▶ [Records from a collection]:
- - -

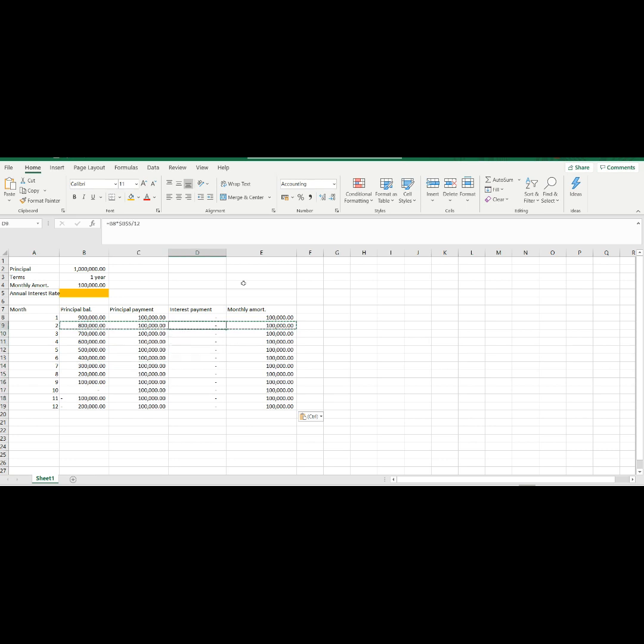Now, we need to get the annual rate based on the available assumptions. We can get it by using the Goal Seek function.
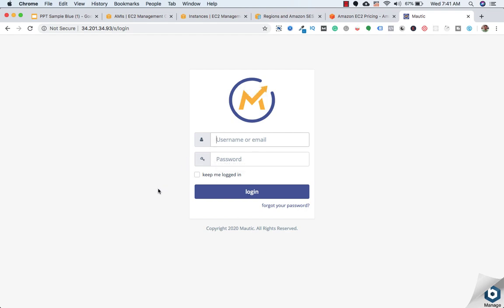So here you can see that we have successfully installed Mautic on EC2 instance and it is asking for username and password. So that I'll show you in the next video. In the upcoming lectures also in the future videos we will connect this IP address to our domain name so you can access it through your domain instead of accessing it through the IP address. To login we need the credentials that I'll show you in the next video. So that's it for this video and I'll see you in the next video. Take care and bye bye.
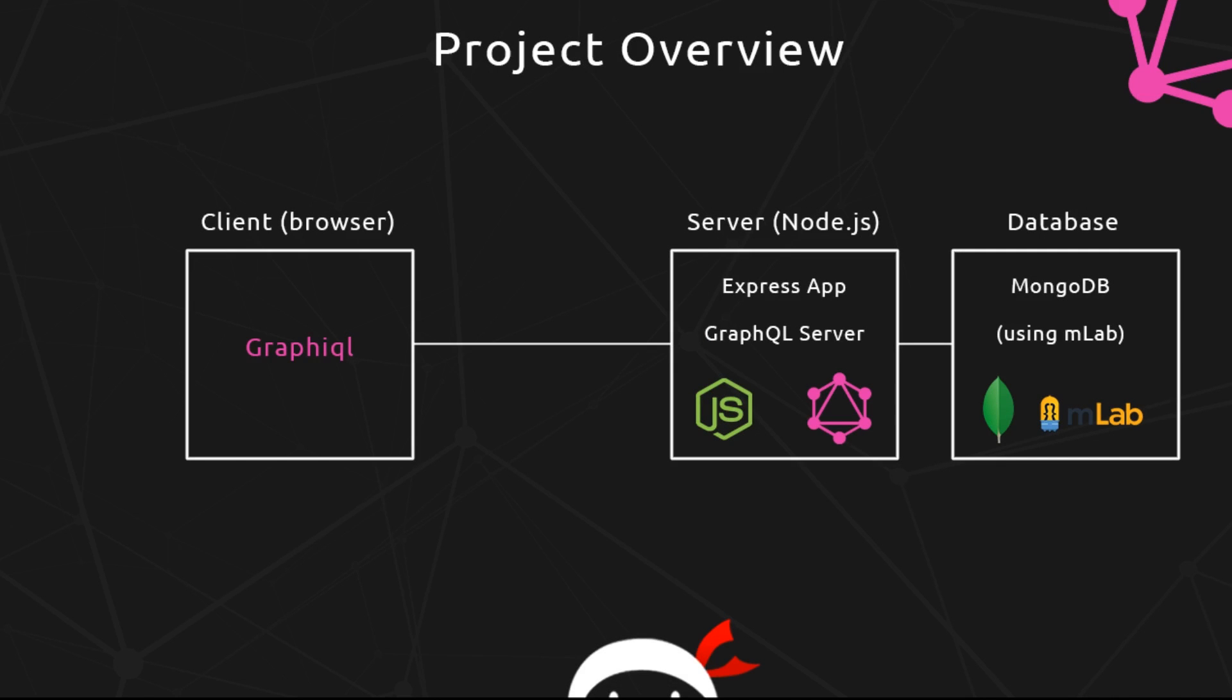All right, so this is the situation. We have our Express app and GraphQL server built on Node.js, hooked up to MongoDB. When we make test requests from the front-end using this tool called GraphiQL, we're sending those to the server, and the resolve functions are going out to MongoDB.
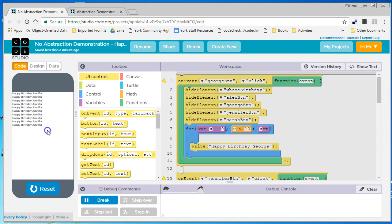So I click on Jennifer, it makes everything disappear, and it says Happy Birthday Jennifer ten times.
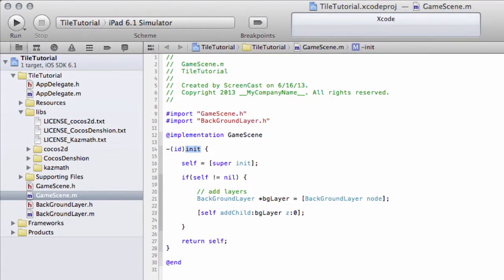Hello and welcome to the sixth video in this beginner programming series, programming a tile puzzle game for iOS using Cocos 2D on the iPad.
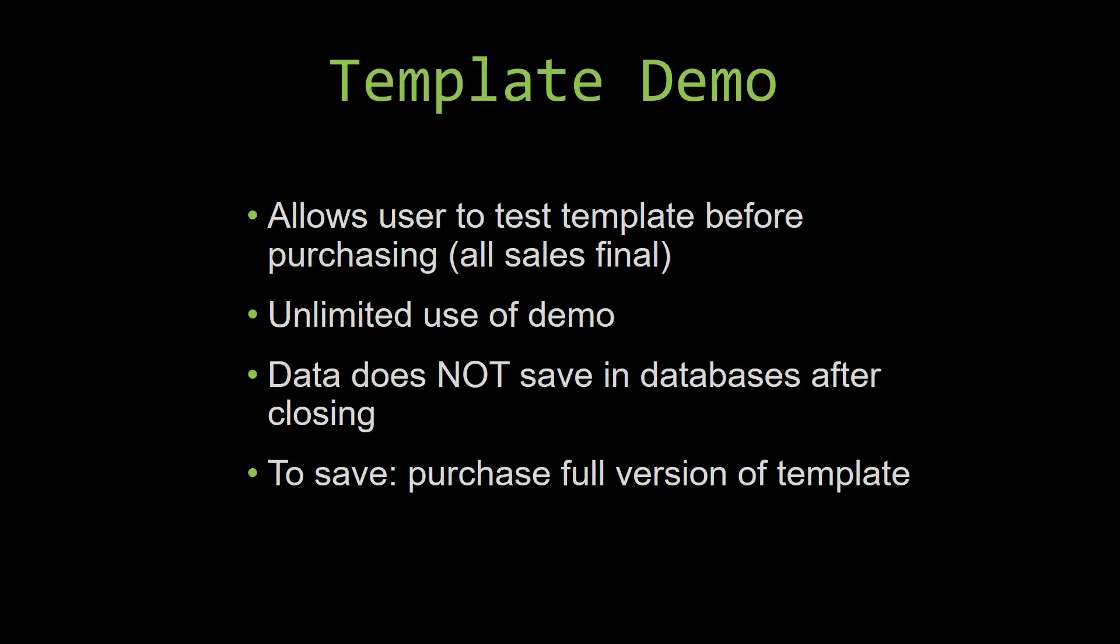This is great for customers due to the fact that all of our sales are final. Our sales are final because we give you the source code when you purchase the template, and once we give you the source code, there is really no way that you can return the code. If you would like to test out our demos for multiple days, you are free to do so. All you have to do is leave the database open so that the data you enter will not be wiped. That is because our demos are designed so that once you close the demo, all the data that you have entered will be wiped from that database. You have to purchase the full version if you would like to save your data that you have entered.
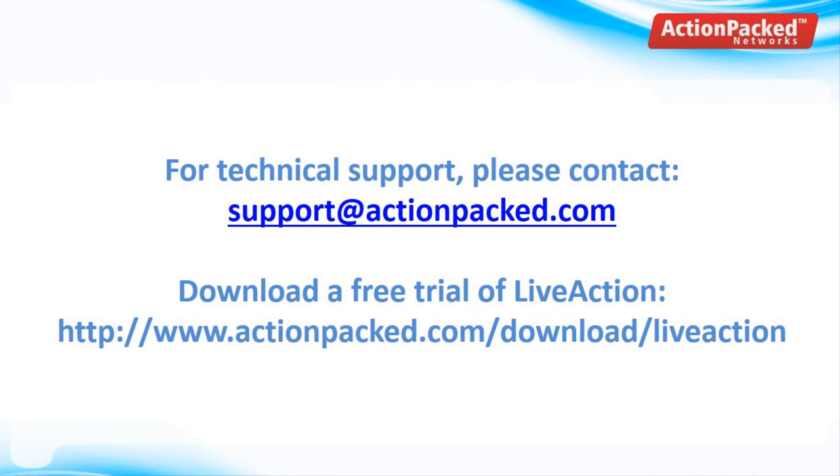For technical support, please contact support at actionpacked.com and to download a free trial of LiveAction, go to www.actionpacked.com/download/liveaction. Thanks for watching.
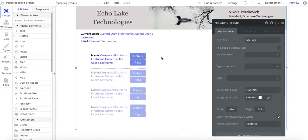Nikolai Markievich from Echolake Technologies, echolaketech.com. In this video I'm going to show you the difference between a current user and current page user. This is handy if in your app you create accounts and you want to create a user administration page. You can log in as yourself and pull up different user profiles to make modifications as needed, and you do that using the current page user.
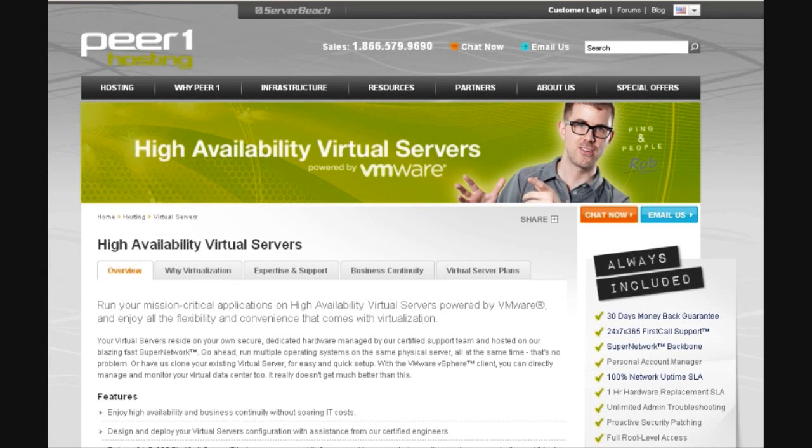Hi, this is Tony Vela from the PeerOne Product Management Team. This video will teach you how to install a custom OS on your new high availability virtual server solution.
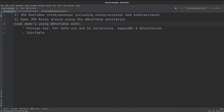Hey everyone, welcome to the channel. Today we're going to cover JPA relationships, and specifically we're going to focus on just the one-to-one relationships using the @OneToOne annotation. In future videos we'll go into the other ones that exist in JPA as well. So let's get straight into it.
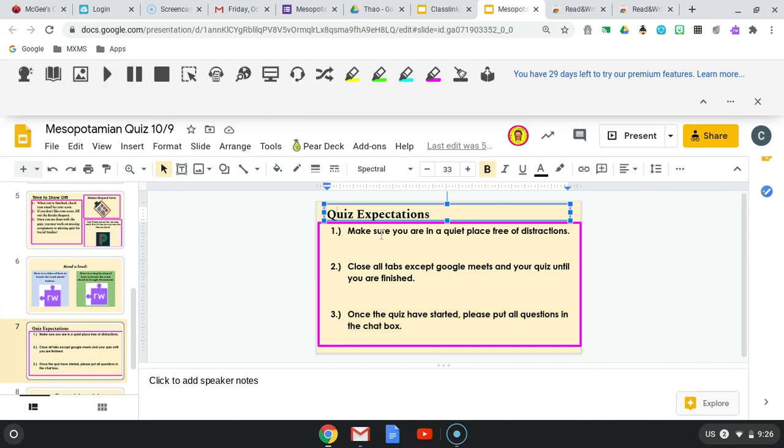Now at any time, if it's reading and you want to pause it, you just click pause. Please let me know if you have any questions.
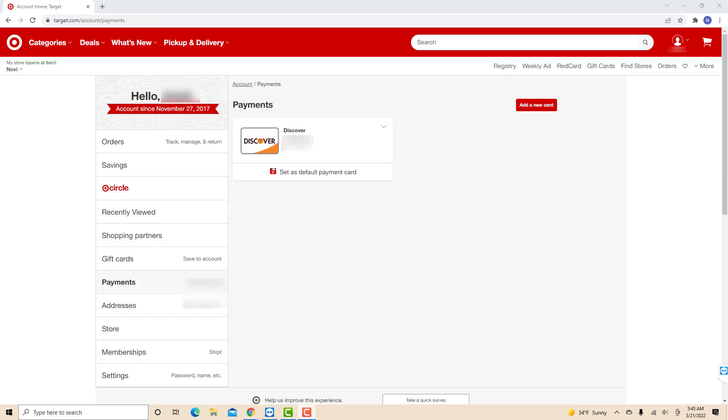Now you will see the list of your payment methods. Click on the drop-down arrow beside the payment method you wish to remove.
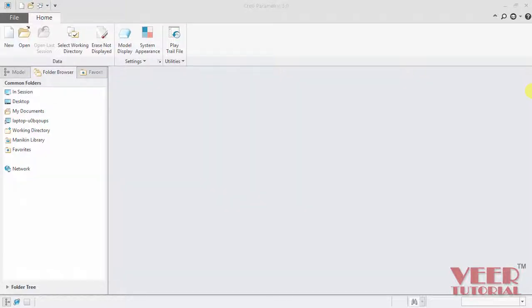Hello friends, in this video we will learn about the pan and zoom feature. Pan and zoom features are controlled by the mouse.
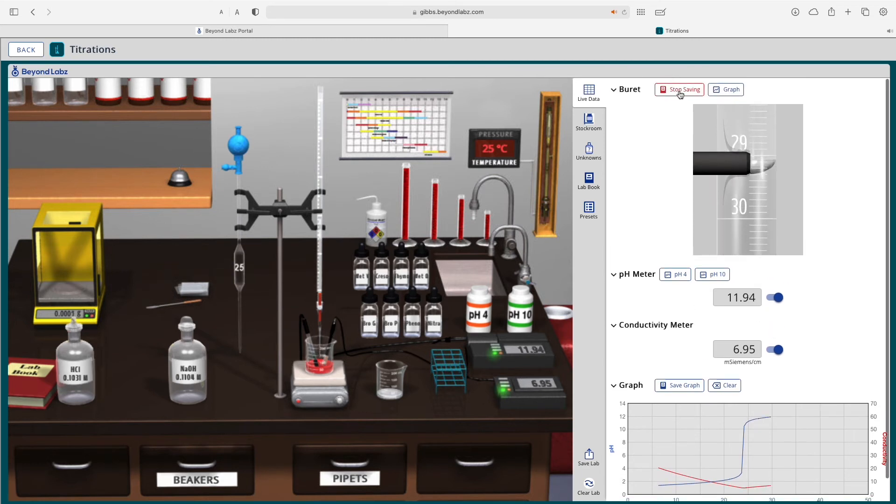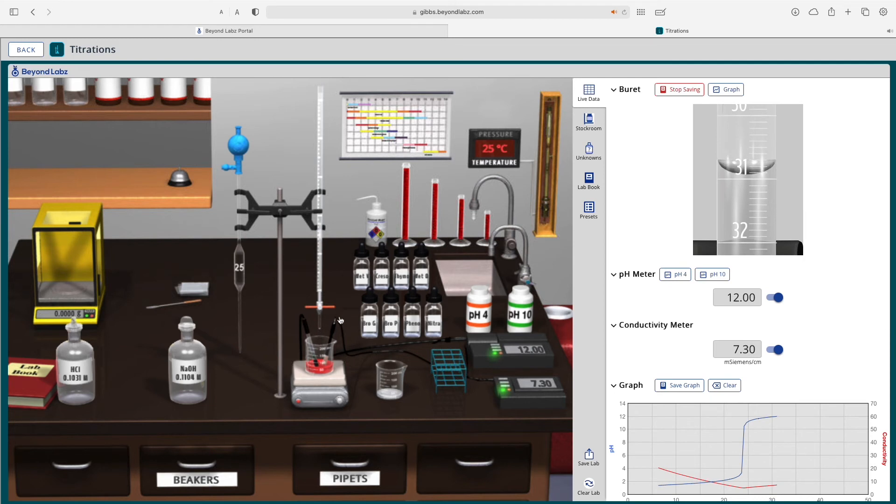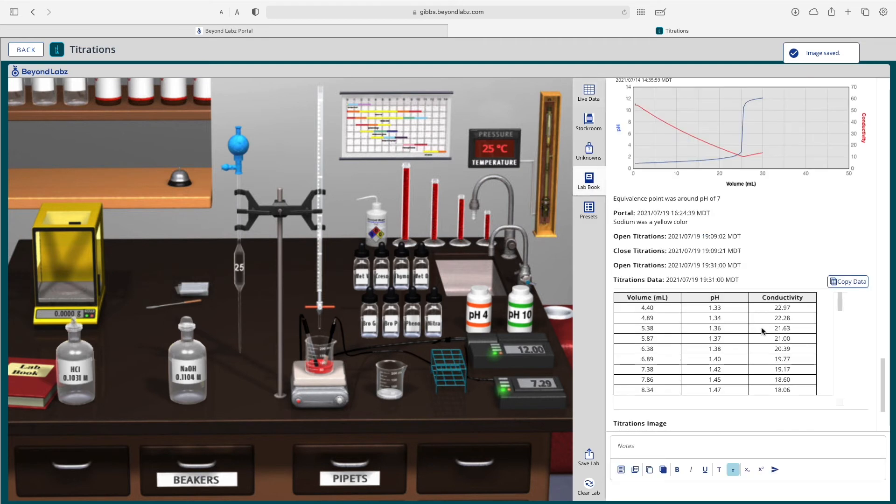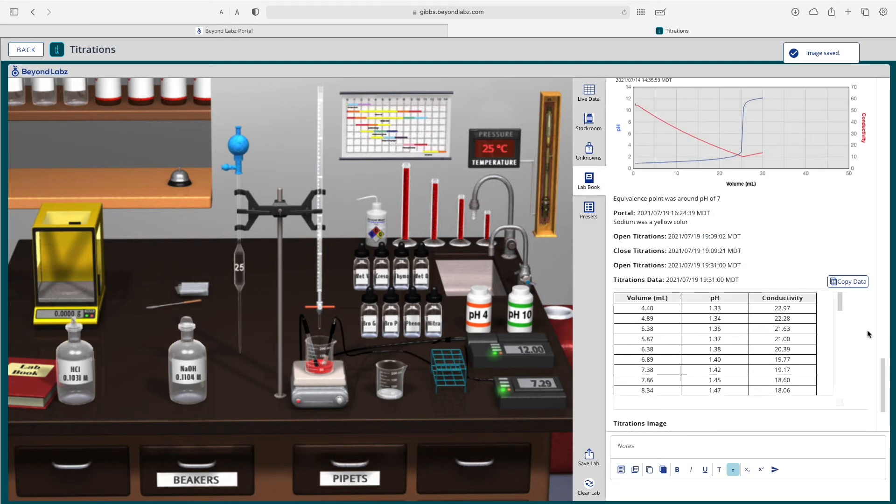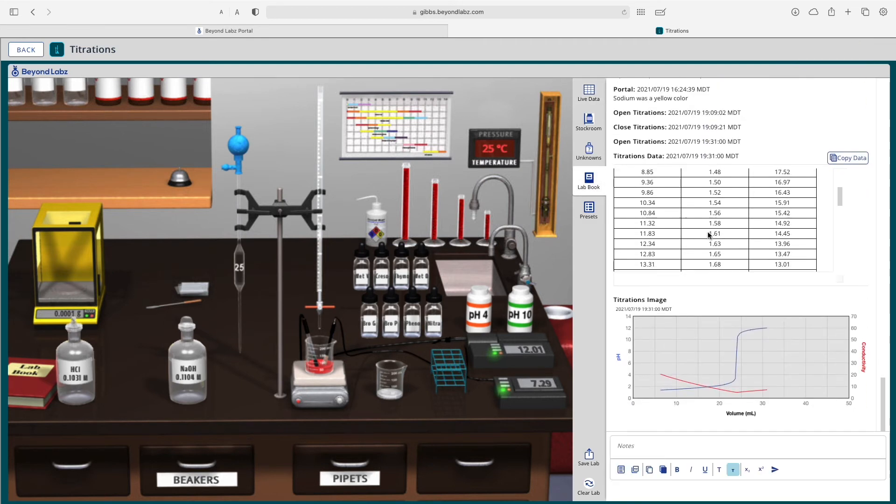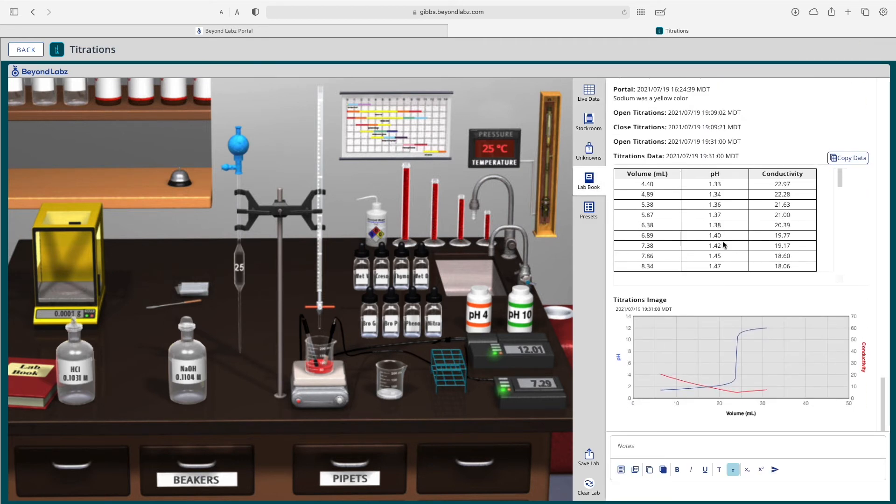So once we're ready we can stop by adjusting the burette, we can stop saving the data and then we can save our graph and all of that information will be viewable in our lab book screen.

- - -

▶ [Try it]:
Your reply must match the data above line for line, except that it holds no pictures.

▶ [Task response]:
Now, we need to get the annual rate based on the available assumptions. We can get it by using the Goal Seek function.
So here you can see that we have successfully installed Mautic on EC2 instance and it is asking for username and password. So that I'll show you in the next video. In the upcoming lectures also in the future videos we will connect this IP address to our domain name so you can access it through your domain instead of accessing it through the IP address. To login we need the credentials that I'll show you in the next video. So that's it for this video and I'll see you in the next video. Take care and bye bye.
All right, so this is the situation. We have our Express app and GraphQL server built on Node.js, hooked up to MongoDB. When we make test requests from the front-end using this tool called GraphiQL, we're sending those to the server, and the resolve functions are going out to MongoDB.
So I click on Jennifer, it makes everything disappear, and it says Happy Birthday Jennifer ten times.
Hello and welcome to the sixth video in this beginner programming series, programming a tile puzzle game for iOS using Cocos 2D on the iPad.
This is great for customers due to the fact that all of our sales are final. Our sales are final because we give you the source code when you purchase the template, and once we give you the source code, there is really no way that you can return the code. If you would like to test out our demos for multiple days, you are free to do so. All you have to do is leave the database open so that the data you enter will not be wiped. That is because our demos are designed so that once you close the demo, all the data that you have entered will be wiped from that database. You have to purchase the full version if you would like to save your data that you have entered.
For technical support, please contact support at actionpacked.com and to download a free trial of LiveAction, go to www.actionpacked.com/download/liveaction. Thanks for watching.
Nikolai Markievich from Echolake Technologies, echolaketech.com. In this video I'm going to show you the difference between a current user and current page user. This is handy if in your app you create accounts and you want to create a user administration page. You can log in as yourself and pull up different user profiles to make modifications as needed, and you do that using the current page user.
Hi, this is Tony Vela from the PeerOne Product Management Team. This video will teach you how to install a custom OS on your new high availability virtual server solution.
Hey everyone, welcome to the channel. Today we're going to cover JPA relationships, and specifically we're going to focus on just the one-to-one relationships using the @OneToOne annotation. In future videos we'll go into the other ones that exist in JPA as well. So let's get straight into it.
Now at any time, if it's reading and you want to pause it, you just click pause. Please let me know if you have any questions.
Now you will see the list of your payment methods. Click on the drop-down arrow beside the payment method you wish to remove.
Hello friends, in this video we will learn about the pan and zoom feature. Pan and zoom features are controlled by the mouse.
So once we're ready we can stop by adjusting the burette, we can stop saving the data and then we can save our graph and all of that information will be viewable in our lab book screen.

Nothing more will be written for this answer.